Big Data, Bad Metrics

As technology provides us with more access to more data, a lot of
attention is being directed towards leveraging that data to improve outcomes. The popular notion is that by gleaning insights from so-called “Big Data,” we can make better, faster fact-based decisions
—and that these decisions can move the needle on everything from business performance to human longevity.

This notion is borne out to some extent by empirical evidence. If you collect and analyze customer data, you can sell more. And if you measure your food intake, you can lose weight.

However, not everything that readily lends itself to measurement is important. And not everything that is important readily lends itself to measurement.

Measuring the Wrong Thing
In the June 2014 issue of Harvard Business Review, Clay Christensen and Derek van Bever make this very point about investment. They assert that flawed metrics often drive companies to eliminate jobs rather than create them. They demonstrate that ratios such as return on invested capital (ROIC) incentivize corporate decision-makers to simply whittle down denominators (by, say, outsourcing), rather than do the hard work of adding to the numerator. They further argue that a metric like ROIC is obsolete, because capital is not the scarce resource it once was.

The result is short-term investing that fails to generate growth or jobs. And these results will, if left unchecked, ultimately work against the interests of the very capitalists for whom return ratio metrics have become orthodoxy.

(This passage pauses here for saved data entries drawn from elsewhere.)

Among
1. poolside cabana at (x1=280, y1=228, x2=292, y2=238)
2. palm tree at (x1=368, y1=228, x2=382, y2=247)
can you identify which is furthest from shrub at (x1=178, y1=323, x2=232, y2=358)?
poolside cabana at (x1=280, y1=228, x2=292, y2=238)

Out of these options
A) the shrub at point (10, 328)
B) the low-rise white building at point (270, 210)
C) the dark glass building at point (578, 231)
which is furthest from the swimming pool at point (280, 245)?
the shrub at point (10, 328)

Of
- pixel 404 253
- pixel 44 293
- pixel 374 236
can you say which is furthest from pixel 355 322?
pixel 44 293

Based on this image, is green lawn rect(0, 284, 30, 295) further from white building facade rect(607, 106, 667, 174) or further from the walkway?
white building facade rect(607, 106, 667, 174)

Similarly flawed metrics dominate the contact center industry, where managers chase KPIs such as shorter call-handling times or higher customer satisfaction scores—neither of which have much to do with desired business outcomes such as greater long-term customer loyalty or more market-aligned innovation. But, because these metrics are easily understood and easy to capture, they drive counter-productive and toxic behaviors.

How’m I Doing?
At a recent technology conference, I found myself sitting next to a bright young market analyst who waxed enthusiastic about the Quantified Self. He went on at some length about how the principles of data capture and analysis could be applied to the individual in order to improve physical, financial and even emotional outcomes.

My question to him was a simple one: “What is your ethical metric?”

The question was, of course, rhetorical. And it served its rhetorical purpose by leading to a discussion about whether we are in fact primarily physical, financial and/or emotional beings—or whether we might be in some way moral beings as well. We then discussed how we might rightly incorporate moral imperatives into a life in which physical, financial and emotional imperatives play such a dominant role.

Ethical goodness and long-term socioeconomic impacts don’t easily find their way into our spreadsheets and BI toolkits. So in our zeal for metric-driven personal and institutional behaviors, let us also exercise wisdom. Otherwise we may succeed in making our numbers—but fail in making our world.